"Chão-Pão", segundo episódio de "A extinção é para sempre", projeto idealizado por Nuno Ramos. Foto: Matheus Brant

Em memória a todos que perderam a vida na pandemia, uma chama se acendeu esta semana no Sesc Avenida Paulista. Um pequeno isqueiro zippo, que geralmente manteria a flama por cerca de quinze segundos, foi aceso e assim ficará de forma ininterrupta por um ano. A escultura é o primeiro episódio de A extinção é para sempre, projeto multilinguagem idealizado por Nuno Ramos e realizado pelo Sesc São Paulo com apoio do Goethe-Institut. Fechada para visitação, a obra pode ser apreciada no site da iniciativa, onde sua transmissão acontecerá ao vivo até que o fogo se extinga. 

Envolvendo artes visuais, literatura, música, teatro, dança e cinema, o projeto é composto de sete episódios, desenvolvidos através de diálogos com artistas de diversas origens e linguagens, como a escritora Noemi Jaffe, o cineasta Jorge Bodanzky, a atriz Edna de Cássia, o coreógrafo Eduardo Fukushima e o encenador Antônio Araujo. “É quase que a configuração de um corpo que anda junto, uma orquestra de câmara, na qual esses trabalhos tem que jogar um com o outro, mas têm muita voz independente”, explica Nuno Ramos.

Apesar da potência individual de cada ato e de seus conceitos próprios, os episódios giram em torno de uma mesma questão: a busca por uma resposta poética à conjuntura brasileira e à pandemia, situação que para Nuno se configura através de uma série de extinções. “O que sinto é que não vamos voltar ao que era antes através de uma eleição. Vamos precisar de muito mais”, diz. E completa: “Existe a entronização da própria violência na Presidência da República, como um projeto que teve o aval da elite e do próprio ressentimento popular. O Brasil está passando por uma tragédia inacreditável, não só pela Covid-19 – que é uma espécie de visualização explícita disso -, mas também na destruição minuciosa de toda uma trama institucional.”

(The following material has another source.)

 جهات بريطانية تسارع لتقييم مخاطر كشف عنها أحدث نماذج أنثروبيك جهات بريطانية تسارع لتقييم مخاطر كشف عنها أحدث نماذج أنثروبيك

O artista Nuno Ramos durante os ensaios de Chão-Pão. Foto: Matheus Brant

Para o artista, essa situação foi agravada ao que o mundo político oficial se paralisou, sem conseguir superar as divergências e apontar um caminho de reação à barbárie. “Tenho a impressão de que a gente precisa realmente criar esse lugar de respiração, de trocas, de sublimação, de simbolização da vida. Então acho que tem um pouco desse desespero: como é que eu faço frente a uma situação como essa que a gente está passando?”. Junto a outros artistas, Nuno agiu pela cultura, expressando-se através de múltiplas linguagens de forma simultânea. “É uma forma de fazer arte ‘a quente’, uma produção em movimento, que vá contra o atual estado de apatia e responda aos assuntos que percorrem o espaço público hoje – como o luto, a violência, a ameaça às instituições e a relativização da nossa história”, declara.

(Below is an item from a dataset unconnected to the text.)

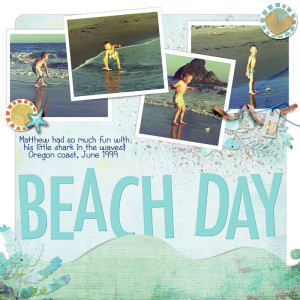 Beach-Day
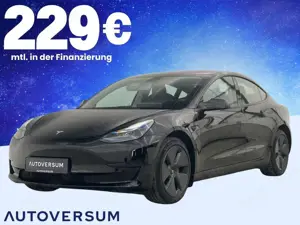 Tesla Model 3 *ACC*LED*KAM*AUTOPILOT*SHZ*PANO*LHZ*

A arte!brasileiros conversou com o artista sobre os conceitos que envolvem cada um dos sete episódios de A extinção é para sempre. Atualmente configurado como um laboratório artístico. O projeto segue em desenvolvimento e está previsto para durar um ano, o tempo da chama acesa no zippo.

A caminho da extinção

Se em 2020, em Marcha à Ré – performance feita pelo artista em parceria com o Teatro da Vertigem e comissionada pela Bienal de Berlim – buscava-se reverter a energia de descaso do governo frente à pandemia de coronavírus, homenageando suas vítimas, CHAMA aprofunda essa ideia, ao se configurar como um gesto artístico de luto. Nas próximas semanas, o público poderá participar ativamente da obra, entrando na transmissão ao vivo. “Se uma pessoa no Canadá quiser fazer uma fogueira e nos mandar, colocamos o fogo na transmissão. Outro vai pegar uma lata de combustível embaixo de um viaduto em Jacarepaguá? Coloco o fogo dele. Assim, vamos mantendo uma chama acesa ao vivo, numa espécie de monumento da chama eterna”, explica Nuno.

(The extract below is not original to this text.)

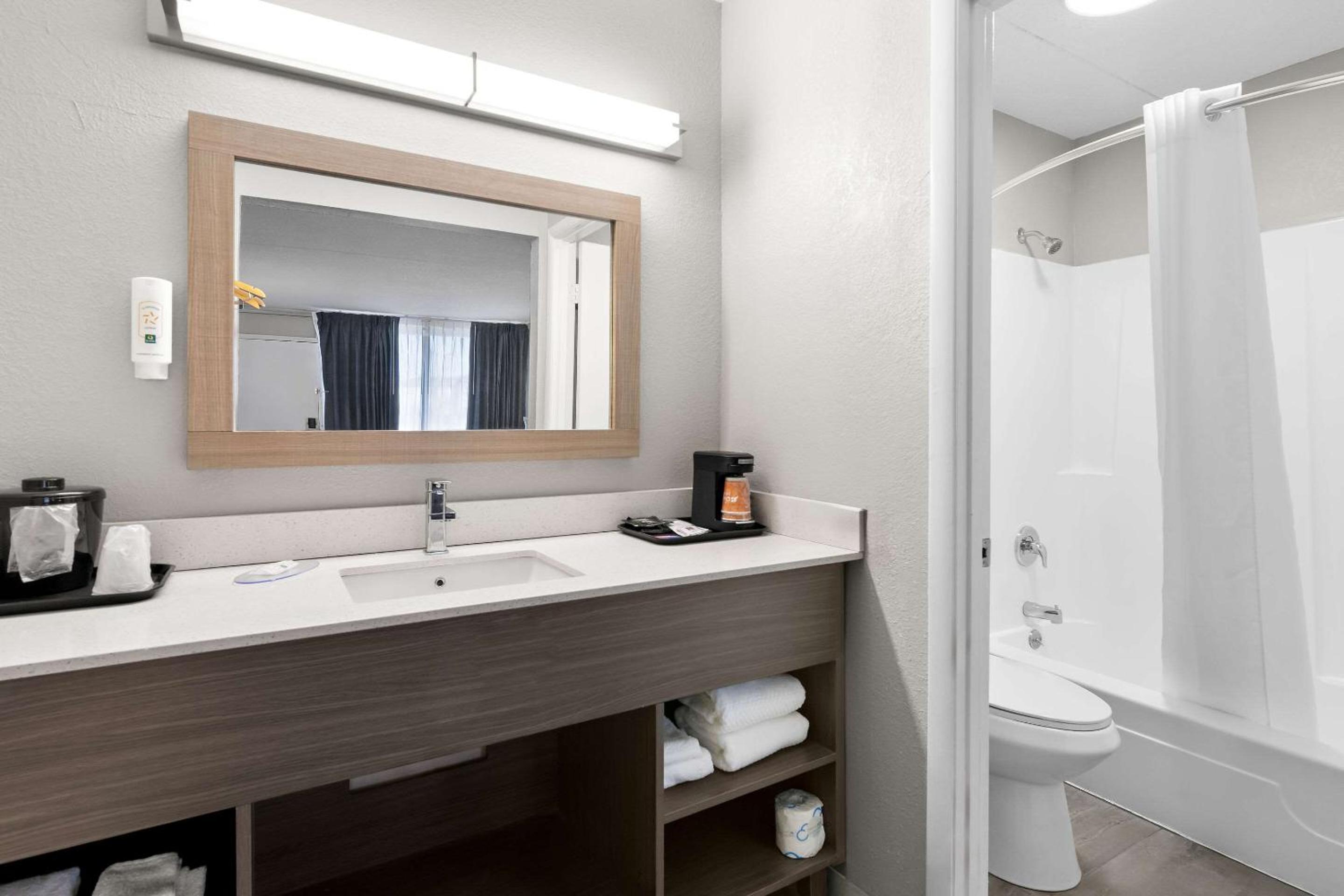 Quality Inn Nashville - Opryland Area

Imagem horizontal colorida. Isqueiro zippo aceso. Monumento virtual CHAMA, de Nuno Ramos, parte do projeto A EXTINÇÃO É PARA SEMPRE.
“CHAMA”, monumento virtual que compõe o projeto “A extinção é para sempre”, de Nuno Ramos. Foto: Eduardo Ortega

Entre os dias 28 e 30 de maio, Chão-Pão vai ao ar, sempre às 20h30. Nesse episódio, um grupo de performers monta um chão feito com lajotas e pães impróprios para consumo. Sobre esse terreno, caminham e dançam, quebrando e modificando esse chão-pão. No meio da cena, dois monitores trazem em loop trechos dos filmes Deus e o Diabo na Terra do Sol e Terra em Transe, de Glauber Rocha, nos quais a fala “a culpa não é do povo” está presente. “Os atores jogam um pouco com a ambiguidade dessa frase e dessa estrutura. Com esse pão sustentando e sendo despedaçado por esse chão do qual ele é a base original, que ele é quem segura”, explica. “Então tem algo da perda de horizonte popular, da perda de vocalização do que era ainda vocalizado há alguns anos e que foi sumindo.”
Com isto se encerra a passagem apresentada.